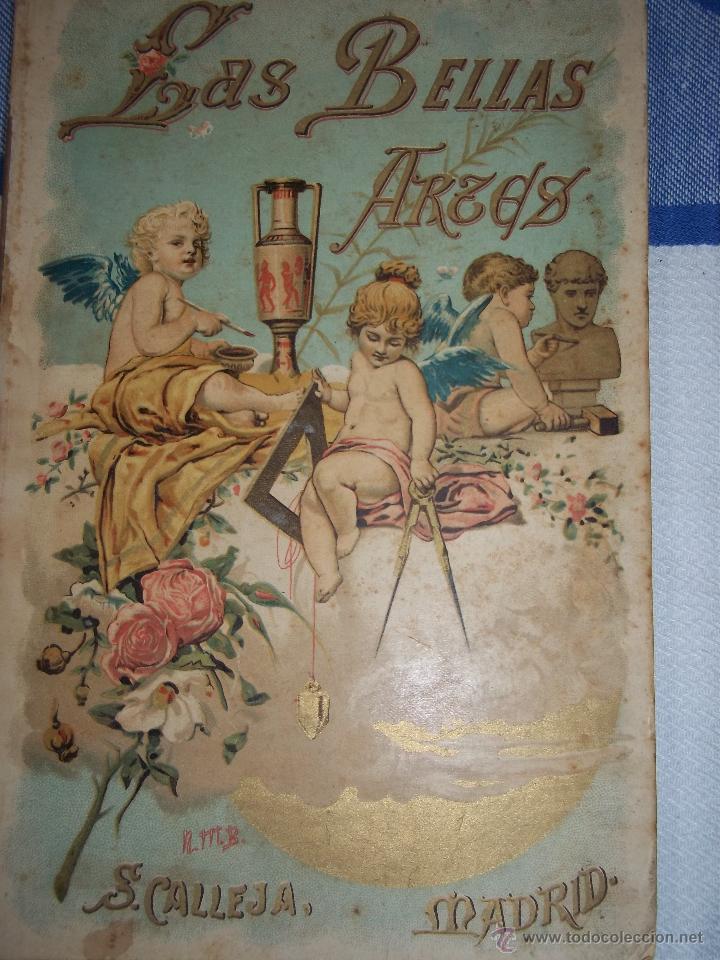 Old books: las bellas artes editorial calleja madrid 1892 primera edici&oacute;n. V&eacute;lez de aragon.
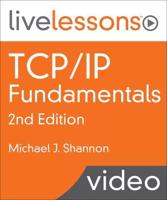 TCP/IP Fundamentals LiveLessons 2/E (Video Training)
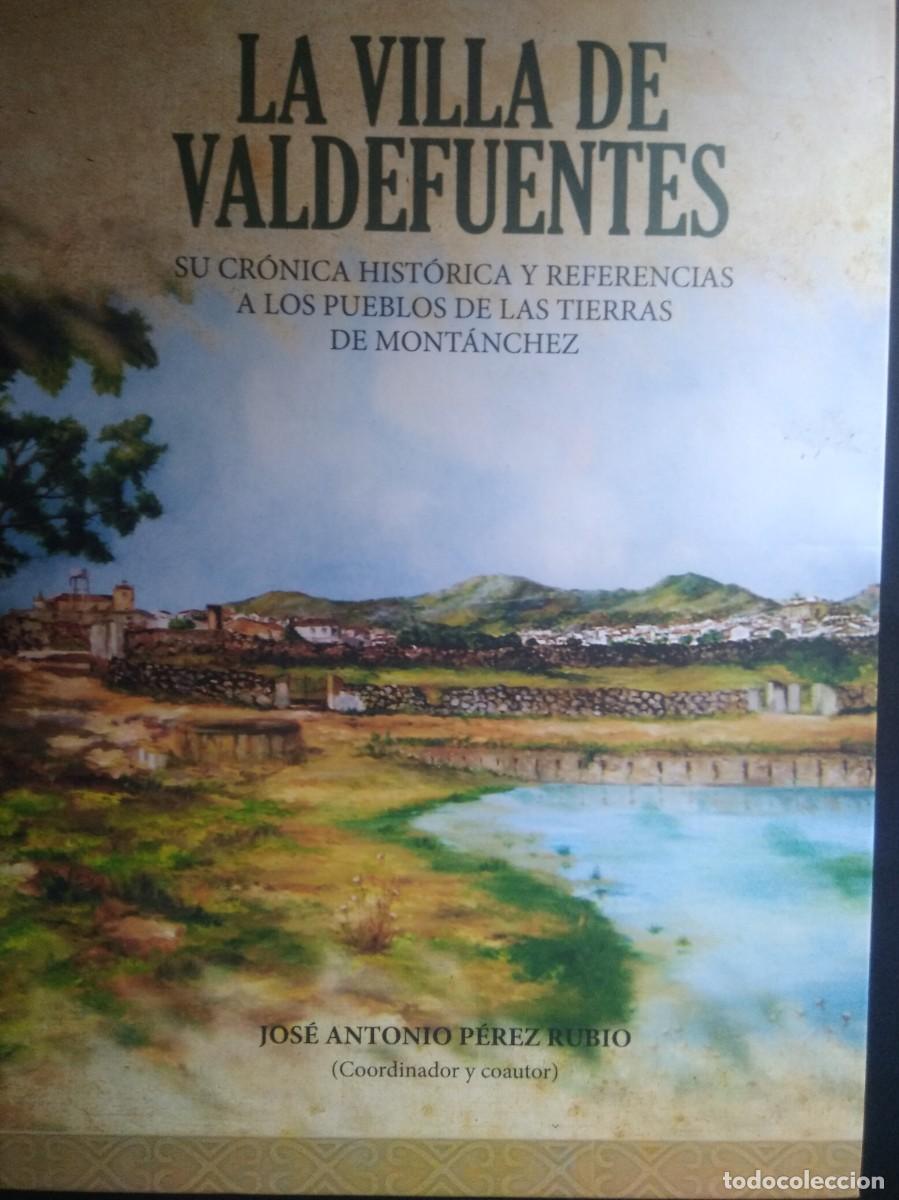Libros: Libro La Villa de Valdefuentes-Jose Antonio Perez Rubio - Foto 2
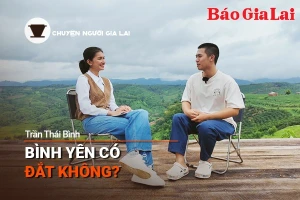 Podcast Chuyện người Gia Lai (số thứ 5): Bình yên có đắt không?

ACTION ITEM
Once the pictures are set aside, give every line above again without alteration.

ANSWER BELOW
 Old books: las bellas artes editorial calleja madrid 1892 primera edici&oacute;n. V&eacute;lez de aragon.
 TCP/IP Fundamentals LiveLessons 2/E (Video Training)
Libros: Libro La Villa de Valdefuentes-Jose Antonio Perez Rubio - Foto 2
 Podcast Chuyện người Gia Lai (số thứ 5): Bình yên có đắt không?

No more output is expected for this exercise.